APU Launches Two New Concentrations in Cybersecurity as Part of Master's Program in Information Technology
Digital Forensics and Information Assurance & Security tracks now available to students
seeking competitive advantage in growing field
Charles Town, W.Va., November 10, 2010 – American Public University (APU) today announced that students may now enroll in two new concentrations within the school’s Master of Science (M.S.) program in Information Technology: digital forensics and information assurance & security. The new program, launched earlier this year, also offers related concentrations in enterprise software development and IT project management.

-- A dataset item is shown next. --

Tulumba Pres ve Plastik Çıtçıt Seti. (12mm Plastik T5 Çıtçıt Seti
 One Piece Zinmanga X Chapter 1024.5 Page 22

According to the Sylint Group, 80% of all cyber crime is perpetrated from within the victim company, and 68% of wireless networks are unprotected, including both personal and business. The development of the new APU concentrations was in direct response to such growing industry trends, according to Dan Benjamin, IT department chair for APU.
“Our ongoing commitment is to help meet the demand for professionals with specialized experience across the entire IT spectrum, from network engineering to data security and cyberlaw,” said Benjamin. “These new concentrations will better equip students to protect and secure electronic data and to deter or prevent cybercrime. When a crime does occur, these concentrations will help with ediscovery, identification, analysis, and prosecution.”
The explosion of hacking, viruses, worms, malware, breaches, infiltrations, and denial-of-service attacks has led corporations and government organizations at all levels to place a premium on the protection and security of their information assets. The APU information assurance and security concentration focuses on the deterrence, detection and response to IT security threats; topics include network security, legal and ethical issues, cybercrime, digital forensics, information assurance, security risk mitigation, information systems audit and certification, intrusion detection, and incident handling.
While cybercrime has grown in frequency, scope and severity, cyber legislation and forensics have lagged, often hindering the successful prosecution of cyber criminals. The APU digital forensics concentration examines models to identify, preserve, collect, examine, analyze, prepare, and present evidence for prosecuting cybercrime.